### TASK DETAILS
For the entries below, repeat exactly each line starting with the one that contains "10 Years Old Science" and going on through the one that contains "vidaXL Trámové spojky", and no others.

### DATA FOR THIS EXERCISE
————

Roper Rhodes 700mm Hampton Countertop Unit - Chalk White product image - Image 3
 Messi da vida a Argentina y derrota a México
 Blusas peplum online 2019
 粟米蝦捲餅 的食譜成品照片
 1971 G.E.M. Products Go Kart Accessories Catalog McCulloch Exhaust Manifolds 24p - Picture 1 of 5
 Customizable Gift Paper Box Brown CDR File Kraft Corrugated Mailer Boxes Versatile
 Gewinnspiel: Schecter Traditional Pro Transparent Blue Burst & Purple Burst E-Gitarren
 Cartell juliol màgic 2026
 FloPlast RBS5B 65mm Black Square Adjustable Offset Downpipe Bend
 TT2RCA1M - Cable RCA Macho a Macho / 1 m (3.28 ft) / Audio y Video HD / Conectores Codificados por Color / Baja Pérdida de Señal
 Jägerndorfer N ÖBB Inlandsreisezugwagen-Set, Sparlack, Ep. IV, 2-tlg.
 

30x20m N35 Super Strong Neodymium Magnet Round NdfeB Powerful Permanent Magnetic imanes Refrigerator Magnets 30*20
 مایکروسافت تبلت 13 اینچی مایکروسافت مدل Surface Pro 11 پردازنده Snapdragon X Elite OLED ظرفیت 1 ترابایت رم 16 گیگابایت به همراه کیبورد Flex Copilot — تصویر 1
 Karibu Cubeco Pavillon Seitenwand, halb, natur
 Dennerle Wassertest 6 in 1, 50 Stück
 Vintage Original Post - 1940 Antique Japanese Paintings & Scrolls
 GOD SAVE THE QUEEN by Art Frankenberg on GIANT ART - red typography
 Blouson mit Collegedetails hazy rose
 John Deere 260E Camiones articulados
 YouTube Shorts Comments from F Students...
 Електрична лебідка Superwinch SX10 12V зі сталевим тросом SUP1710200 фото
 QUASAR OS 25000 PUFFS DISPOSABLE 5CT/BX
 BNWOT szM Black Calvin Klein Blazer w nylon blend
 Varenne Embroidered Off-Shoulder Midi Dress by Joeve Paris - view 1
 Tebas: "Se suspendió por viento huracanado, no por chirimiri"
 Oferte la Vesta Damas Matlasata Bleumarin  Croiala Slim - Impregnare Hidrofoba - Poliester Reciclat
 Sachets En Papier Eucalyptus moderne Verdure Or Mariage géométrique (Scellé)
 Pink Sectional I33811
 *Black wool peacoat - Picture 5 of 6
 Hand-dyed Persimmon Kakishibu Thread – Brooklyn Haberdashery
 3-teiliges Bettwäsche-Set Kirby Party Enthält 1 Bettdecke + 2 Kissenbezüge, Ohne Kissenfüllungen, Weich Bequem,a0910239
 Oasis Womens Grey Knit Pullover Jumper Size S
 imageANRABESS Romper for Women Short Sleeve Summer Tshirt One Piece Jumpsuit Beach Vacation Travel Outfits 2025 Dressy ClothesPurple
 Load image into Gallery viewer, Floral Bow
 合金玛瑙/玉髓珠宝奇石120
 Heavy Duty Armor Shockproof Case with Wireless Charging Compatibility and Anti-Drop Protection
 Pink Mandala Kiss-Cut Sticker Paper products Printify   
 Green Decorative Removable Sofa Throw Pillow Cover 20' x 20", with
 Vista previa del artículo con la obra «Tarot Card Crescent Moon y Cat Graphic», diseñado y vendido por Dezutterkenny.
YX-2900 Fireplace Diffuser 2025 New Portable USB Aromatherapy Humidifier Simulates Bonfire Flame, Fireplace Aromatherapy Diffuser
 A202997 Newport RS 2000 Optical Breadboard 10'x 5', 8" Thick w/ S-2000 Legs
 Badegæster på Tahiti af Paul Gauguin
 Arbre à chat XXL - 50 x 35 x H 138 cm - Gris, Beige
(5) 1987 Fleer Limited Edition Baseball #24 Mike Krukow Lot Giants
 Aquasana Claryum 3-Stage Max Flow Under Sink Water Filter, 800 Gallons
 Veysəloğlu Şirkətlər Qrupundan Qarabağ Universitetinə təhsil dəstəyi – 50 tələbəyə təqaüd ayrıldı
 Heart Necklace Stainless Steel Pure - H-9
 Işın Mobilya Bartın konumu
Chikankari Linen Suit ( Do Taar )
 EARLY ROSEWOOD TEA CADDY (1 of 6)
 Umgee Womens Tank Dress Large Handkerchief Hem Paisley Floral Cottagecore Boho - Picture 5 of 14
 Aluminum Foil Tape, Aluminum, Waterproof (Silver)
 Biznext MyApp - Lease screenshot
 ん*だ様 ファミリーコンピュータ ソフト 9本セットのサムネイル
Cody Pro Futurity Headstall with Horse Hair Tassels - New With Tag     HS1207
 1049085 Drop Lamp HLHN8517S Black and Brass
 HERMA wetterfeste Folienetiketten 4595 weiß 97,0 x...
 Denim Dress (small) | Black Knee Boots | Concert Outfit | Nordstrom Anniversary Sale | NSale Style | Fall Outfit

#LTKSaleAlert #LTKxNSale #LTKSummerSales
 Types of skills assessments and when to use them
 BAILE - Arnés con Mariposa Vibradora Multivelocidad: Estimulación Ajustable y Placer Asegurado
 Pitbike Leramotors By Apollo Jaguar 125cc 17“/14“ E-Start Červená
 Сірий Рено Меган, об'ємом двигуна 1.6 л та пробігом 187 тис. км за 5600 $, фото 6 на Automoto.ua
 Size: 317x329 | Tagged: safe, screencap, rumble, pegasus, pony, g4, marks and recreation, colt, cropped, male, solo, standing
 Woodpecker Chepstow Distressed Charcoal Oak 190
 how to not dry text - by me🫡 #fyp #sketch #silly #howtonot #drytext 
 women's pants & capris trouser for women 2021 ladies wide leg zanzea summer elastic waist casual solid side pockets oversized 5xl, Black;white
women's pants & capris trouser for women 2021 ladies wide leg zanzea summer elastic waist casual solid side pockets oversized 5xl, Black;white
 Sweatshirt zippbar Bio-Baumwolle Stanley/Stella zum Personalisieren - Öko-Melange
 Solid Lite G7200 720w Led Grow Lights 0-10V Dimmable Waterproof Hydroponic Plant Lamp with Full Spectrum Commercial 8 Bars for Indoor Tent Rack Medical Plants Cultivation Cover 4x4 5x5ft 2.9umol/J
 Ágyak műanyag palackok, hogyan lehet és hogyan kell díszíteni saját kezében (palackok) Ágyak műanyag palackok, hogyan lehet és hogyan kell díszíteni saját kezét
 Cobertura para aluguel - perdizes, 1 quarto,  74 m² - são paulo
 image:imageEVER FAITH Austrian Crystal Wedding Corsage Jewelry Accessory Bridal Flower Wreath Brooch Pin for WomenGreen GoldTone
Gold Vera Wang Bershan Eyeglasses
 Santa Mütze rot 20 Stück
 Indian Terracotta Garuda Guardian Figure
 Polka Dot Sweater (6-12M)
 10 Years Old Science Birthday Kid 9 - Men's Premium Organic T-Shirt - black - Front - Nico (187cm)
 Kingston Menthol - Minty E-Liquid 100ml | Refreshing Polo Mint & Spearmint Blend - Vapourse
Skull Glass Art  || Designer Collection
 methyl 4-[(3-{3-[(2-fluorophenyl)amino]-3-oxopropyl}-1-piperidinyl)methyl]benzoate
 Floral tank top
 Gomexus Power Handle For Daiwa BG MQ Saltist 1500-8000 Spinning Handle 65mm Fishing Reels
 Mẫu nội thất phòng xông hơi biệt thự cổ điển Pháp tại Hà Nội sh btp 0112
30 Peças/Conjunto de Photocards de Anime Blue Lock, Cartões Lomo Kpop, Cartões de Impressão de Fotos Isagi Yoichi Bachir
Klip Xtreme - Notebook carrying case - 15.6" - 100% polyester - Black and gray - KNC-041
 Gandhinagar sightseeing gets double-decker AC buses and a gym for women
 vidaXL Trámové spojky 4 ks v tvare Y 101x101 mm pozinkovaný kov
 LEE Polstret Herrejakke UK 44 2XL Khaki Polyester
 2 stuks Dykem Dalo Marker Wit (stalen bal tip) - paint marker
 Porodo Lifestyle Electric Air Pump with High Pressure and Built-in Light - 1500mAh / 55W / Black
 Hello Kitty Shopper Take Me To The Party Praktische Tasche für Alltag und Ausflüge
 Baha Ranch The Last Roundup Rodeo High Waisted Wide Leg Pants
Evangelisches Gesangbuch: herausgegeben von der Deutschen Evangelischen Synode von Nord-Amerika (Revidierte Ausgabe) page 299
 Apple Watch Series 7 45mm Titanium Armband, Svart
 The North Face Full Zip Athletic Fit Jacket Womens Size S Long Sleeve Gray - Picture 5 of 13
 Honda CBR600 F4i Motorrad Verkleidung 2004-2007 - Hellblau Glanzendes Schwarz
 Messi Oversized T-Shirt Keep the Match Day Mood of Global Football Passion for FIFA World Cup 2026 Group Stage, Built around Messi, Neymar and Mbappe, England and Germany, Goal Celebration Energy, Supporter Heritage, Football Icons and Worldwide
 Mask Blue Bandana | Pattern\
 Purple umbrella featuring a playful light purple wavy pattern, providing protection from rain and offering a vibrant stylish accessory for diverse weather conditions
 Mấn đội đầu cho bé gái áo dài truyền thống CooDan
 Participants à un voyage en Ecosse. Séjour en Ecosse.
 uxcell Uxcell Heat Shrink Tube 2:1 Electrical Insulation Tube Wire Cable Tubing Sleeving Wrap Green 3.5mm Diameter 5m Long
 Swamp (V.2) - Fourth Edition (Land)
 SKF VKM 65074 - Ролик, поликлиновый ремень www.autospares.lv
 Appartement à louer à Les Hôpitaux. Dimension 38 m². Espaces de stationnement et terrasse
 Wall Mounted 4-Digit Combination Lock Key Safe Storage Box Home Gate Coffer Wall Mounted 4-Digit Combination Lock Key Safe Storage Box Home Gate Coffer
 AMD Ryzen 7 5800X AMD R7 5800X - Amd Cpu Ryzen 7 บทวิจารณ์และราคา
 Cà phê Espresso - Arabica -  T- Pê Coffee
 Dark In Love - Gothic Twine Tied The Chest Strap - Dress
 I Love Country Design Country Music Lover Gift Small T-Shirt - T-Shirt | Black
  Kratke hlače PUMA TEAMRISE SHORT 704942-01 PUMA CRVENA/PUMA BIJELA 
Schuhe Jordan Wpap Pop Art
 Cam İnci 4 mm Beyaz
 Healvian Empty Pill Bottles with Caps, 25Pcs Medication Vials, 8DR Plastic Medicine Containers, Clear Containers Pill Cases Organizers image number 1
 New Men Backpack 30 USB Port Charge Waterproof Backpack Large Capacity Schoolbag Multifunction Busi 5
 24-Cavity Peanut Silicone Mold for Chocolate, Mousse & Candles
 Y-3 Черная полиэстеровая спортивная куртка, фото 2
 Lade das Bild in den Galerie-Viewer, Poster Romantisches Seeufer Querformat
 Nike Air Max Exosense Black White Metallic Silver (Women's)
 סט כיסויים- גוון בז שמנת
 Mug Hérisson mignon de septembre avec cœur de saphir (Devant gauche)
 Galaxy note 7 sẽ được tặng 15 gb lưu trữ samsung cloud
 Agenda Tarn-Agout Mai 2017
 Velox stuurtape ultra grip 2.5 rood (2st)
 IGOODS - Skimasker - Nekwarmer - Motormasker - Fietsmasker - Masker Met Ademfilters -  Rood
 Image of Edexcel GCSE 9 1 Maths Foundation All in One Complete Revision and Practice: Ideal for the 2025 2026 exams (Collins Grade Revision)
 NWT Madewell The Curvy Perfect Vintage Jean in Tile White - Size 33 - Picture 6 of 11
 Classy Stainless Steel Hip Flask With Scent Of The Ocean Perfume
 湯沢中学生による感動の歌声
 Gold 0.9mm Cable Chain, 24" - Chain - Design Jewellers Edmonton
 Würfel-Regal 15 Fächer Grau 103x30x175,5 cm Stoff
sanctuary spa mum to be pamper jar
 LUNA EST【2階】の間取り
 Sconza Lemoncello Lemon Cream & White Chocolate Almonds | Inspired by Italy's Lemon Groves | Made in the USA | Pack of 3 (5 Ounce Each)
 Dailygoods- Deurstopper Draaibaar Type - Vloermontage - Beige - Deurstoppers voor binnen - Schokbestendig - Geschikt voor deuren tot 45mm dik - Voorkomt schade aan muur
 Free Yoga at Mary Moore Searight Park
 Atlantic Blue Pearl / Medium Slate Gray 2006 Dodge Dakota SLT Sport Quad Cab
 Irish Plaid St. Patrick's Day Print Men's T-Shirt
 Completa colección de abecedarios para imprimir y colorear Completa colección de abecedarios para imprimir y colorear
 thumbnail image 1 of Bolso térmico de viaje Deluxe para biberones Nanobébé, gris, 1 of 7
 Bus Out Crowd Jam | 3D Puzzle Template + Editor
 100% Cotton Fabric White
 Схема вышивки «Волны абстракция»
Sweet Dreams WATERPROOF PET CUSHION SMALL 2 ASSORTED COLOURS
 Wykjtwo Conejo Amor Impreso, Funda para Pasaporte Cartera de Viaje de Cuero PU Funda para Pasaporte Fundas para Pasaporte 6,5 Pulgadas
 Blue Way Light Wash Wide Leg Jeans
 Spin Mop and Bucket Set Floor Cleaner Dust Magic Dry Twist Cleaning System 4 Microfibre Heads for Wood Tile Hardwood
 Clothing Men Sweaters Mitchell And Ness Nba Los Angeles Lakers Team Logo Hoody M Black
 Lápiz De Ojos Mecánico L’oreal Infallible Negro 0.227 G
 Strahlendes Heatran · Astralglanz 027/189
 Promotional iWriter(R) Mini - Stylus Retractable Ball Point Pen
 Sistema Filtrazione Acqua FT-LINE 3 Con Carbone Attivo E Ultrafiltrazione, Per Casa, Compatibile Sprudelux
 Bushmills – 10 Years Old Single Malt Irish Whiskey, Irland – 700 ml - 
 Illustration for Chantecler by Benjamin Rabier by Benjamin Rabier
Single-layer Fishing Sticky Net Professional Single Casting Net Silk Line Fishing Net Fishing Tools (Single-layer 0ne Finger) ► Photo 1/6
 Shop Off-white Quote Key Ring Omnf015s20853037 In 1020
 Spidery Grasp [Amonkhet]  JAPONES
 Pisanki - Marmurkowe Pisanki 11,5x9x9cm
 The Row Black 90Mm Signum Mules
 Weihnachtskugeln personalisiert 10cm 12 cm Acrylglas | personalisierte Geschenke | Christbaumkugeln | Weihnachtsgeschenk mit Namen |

————

### SOLUTION
 10 Years Old Science Birthday Kid 9 - Men's Premium Organic T-Shirt - black - Front - Nico (187cm)
 Kingston Menthol - Minty E-Liquid 100ml | Refreshing Polo Mint & Spearmint Blend - Vapourse
Skull Glass Art  || Designer Collection
 methyl 4-[(3-{3-[(2-fluorophenyl)amino]-3-oxopropyl}-1-piperidinyl)methyl]benzoate
 Floral tank top
 Gomexus Power Handle For Daiwa BG MQ Saltist 1500-8000 Spinning Handle 65mm Fishing Reels
 Mẫu nội thất phòng xông hơi biệt thự cổ điển Pháp tại Hà Nội sh btp 0112
30 Peças/Conjunto de Photocards de Anime Blue Lock, Cartões Lomo Kpop, Cartões de Impressão de Fotos Isagi Yoichi Bachir
Klip Xtreme - Notebook carrying case - 15.6" - 100% polyester - Black and gray - KNC-041
 Gandhinagar sightseeing gets double-decker AC buses and a gym for women
 vidaXL Trámové spojky 4 ks v tvare Y 101x101 mm pozinkovaný kov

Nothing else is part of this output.